:: Aim of the exercise ::
All the lines below should appear again unchanged, though their pictures should not.

:: Records provided ::
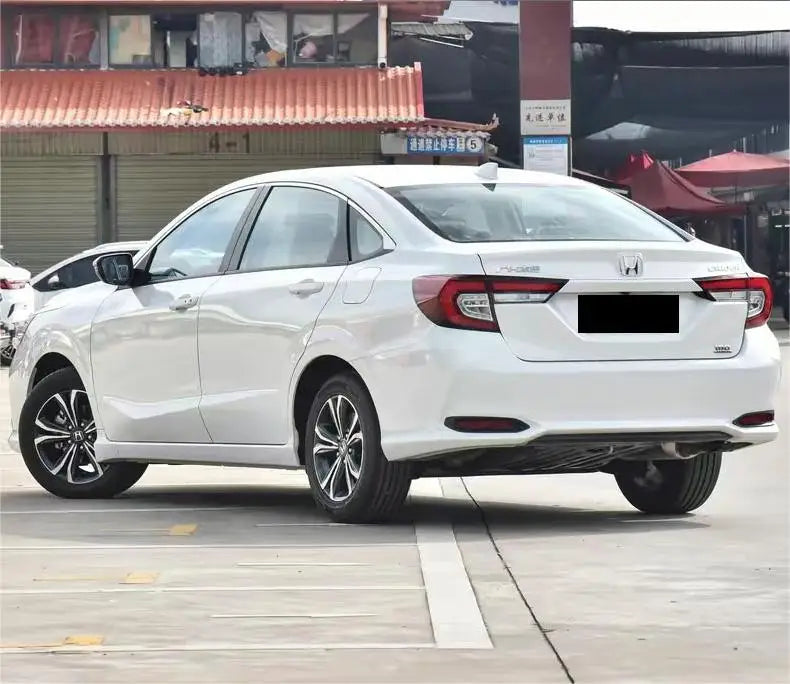Factory Direct Sales Lingpai 180 Turbo CVT Deluxe Edition Adult Car 1.0T Small Family Car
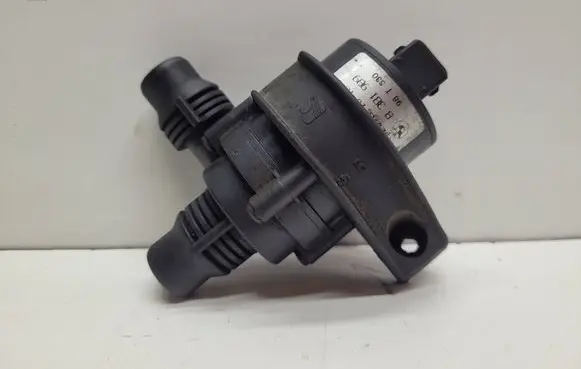 BMW 5 E39 Electric auxiliary coolant/water pump 7020781012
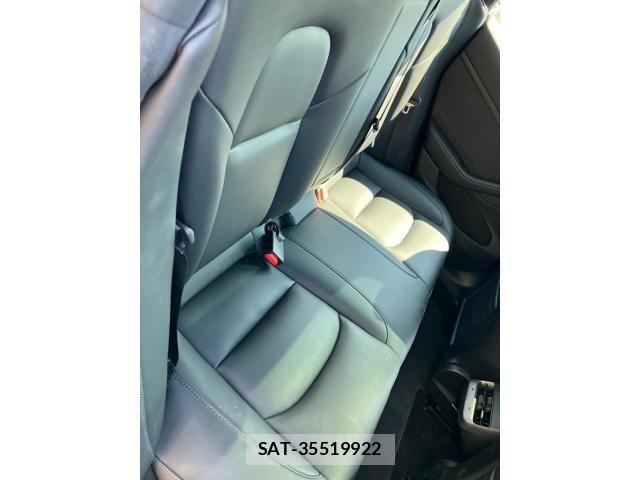 Tesla MODEL 3 2022-02 8317643-15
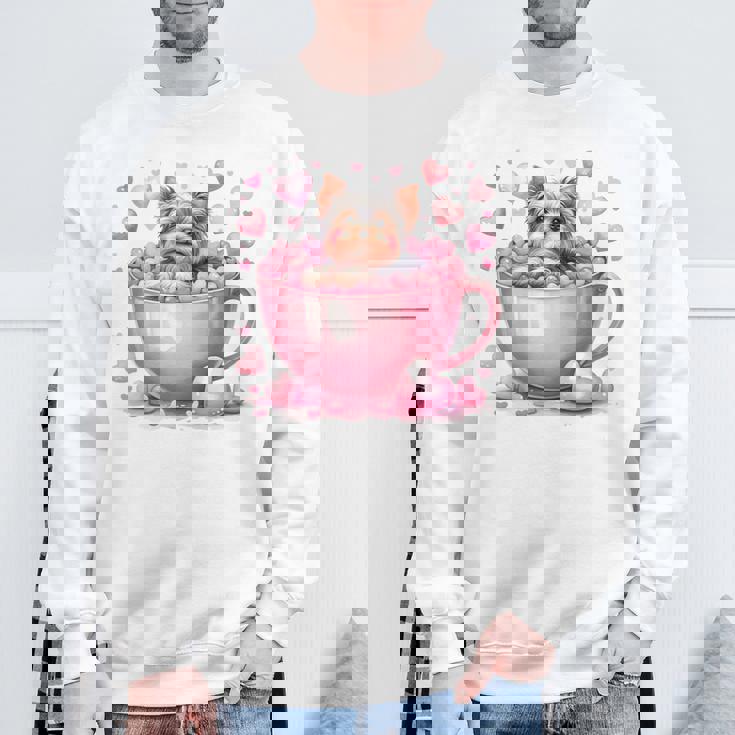 カップに入った子犬 長袖tシャツ スウェットシャツ 高齢者への贈り物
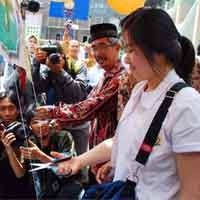 Datang ke SMP Khadijah, Pelajar Korea Disambut Rebana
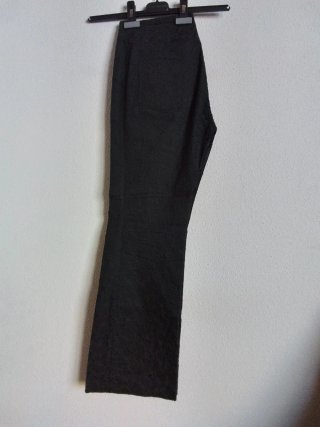 Pantalón "Mango" negro bordado, calado, versátil.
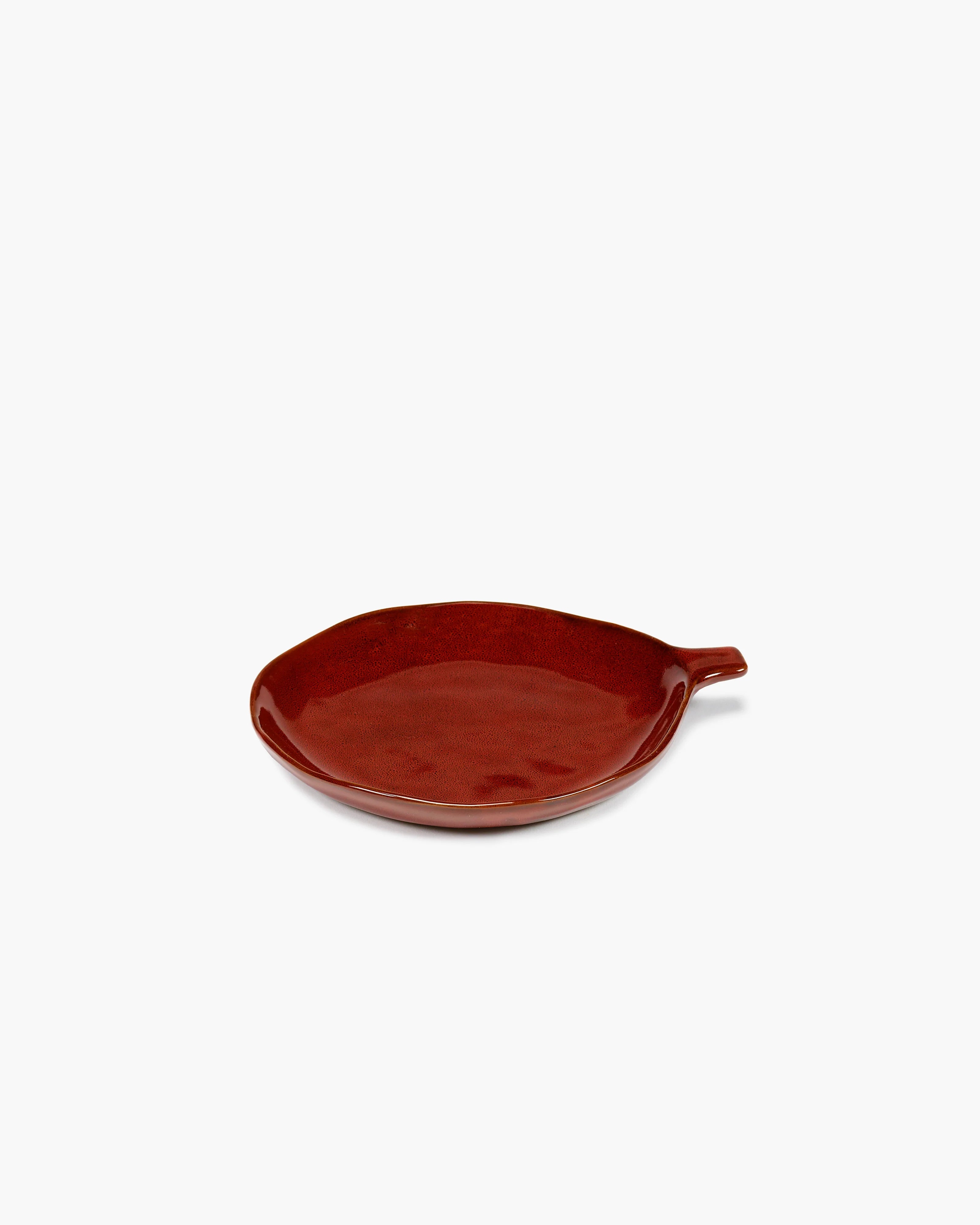 Plate with handle - La Mère by Marie Michielssen - Venetian red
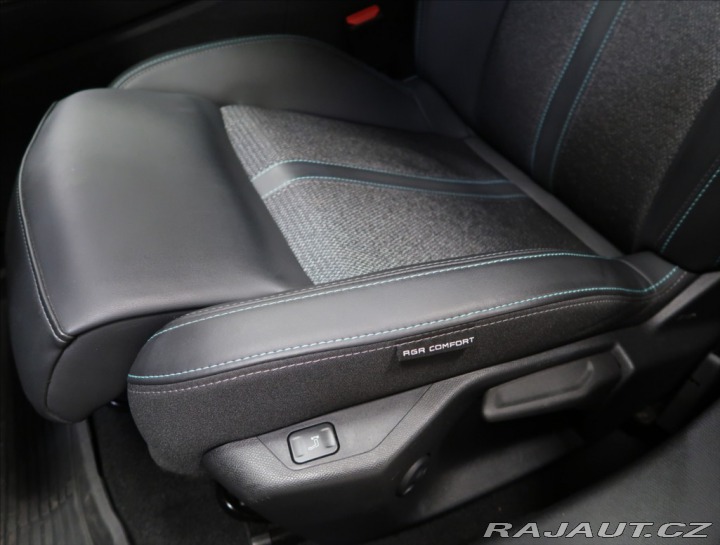 Peugeot 308 1,2 SW ALLURE 136e  AUT 2024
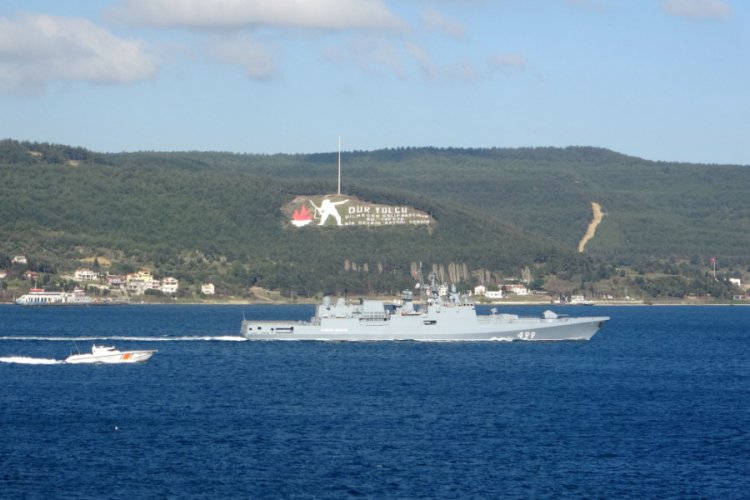 Rus savaş gemileri, Çanakkale Boğazı'ndan geçti
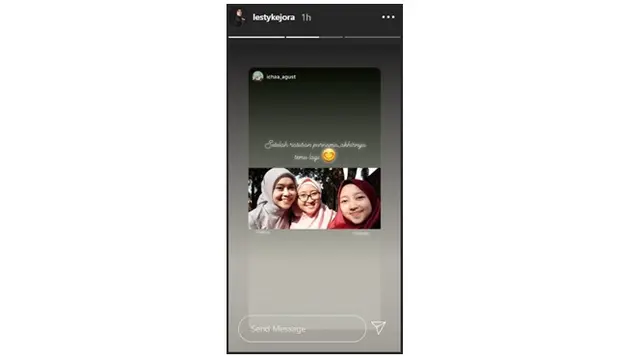 6 Potret Lesty Kejora saat Hadiri Pernikahan Rizki D’Academy, Tuai Pujian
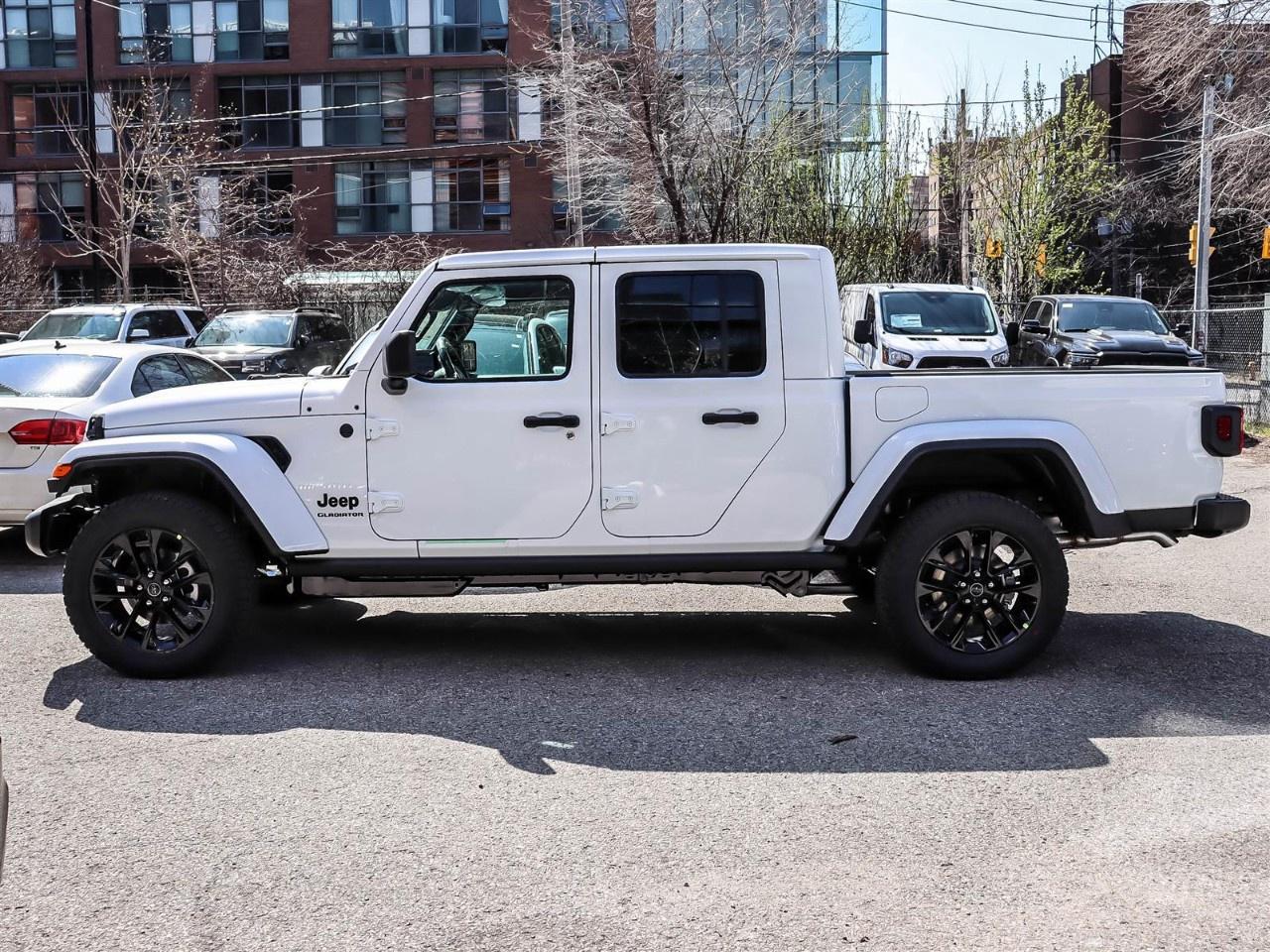 2026 Jeep Gladiator NightHawk 4x4 Photo3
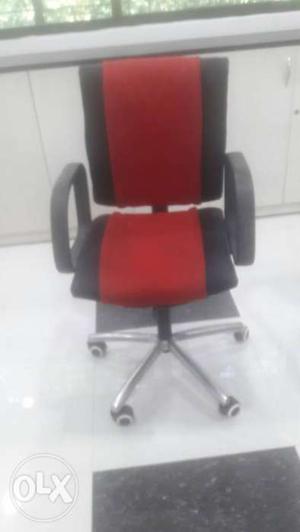 Red And Black Fabric Rolling Armchair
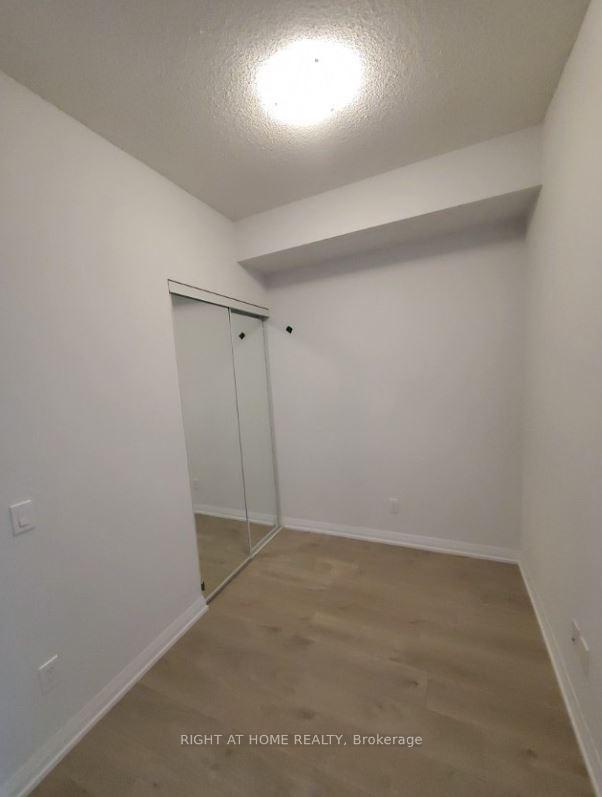 Photo 5 of Unit 3512, 7895 Jane Street, Vaughan, Concord — HOMEH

:: Solved problem ::
Factory Direct Sales Lingpai 180 Turbo CVT Deluxe Edition Adult Car 1.0T Small Family Car
 BMW 5 E39 Electric auxiliary coolant/water pump 7020781012
 Tesla MODEL 3 2022-02 8317643-15
 カップに入った子犬 長袖tシャツ スウェットシャツ 高齢者への贈り物
 Datang ke SMP Khadijah, Pelajar Korea Disambut Rebana
 Pantalón "Mango" negro bordado, calado, versátil.
 Plate with handle - La Mère by Marie Michielssen - Venetian red
 Peugeot 308 1,2 SW ALLURE 136e  AUT 2024
 Rus savaş gemileri, Çanakkale Boğazı'ndan geçti
 6 Potret Lesty Kejora saat Hadiri Pernikahan Rizki D’Academy, Tuai Pujian
 2026 Jeep Gladiator NightHawk 4x4 Photo3
 Red And Black Fabric Rolling Armchair
 Photo 5 of Unit 3512, 7895 Jane Street, Vaughan, Concord — HOMEH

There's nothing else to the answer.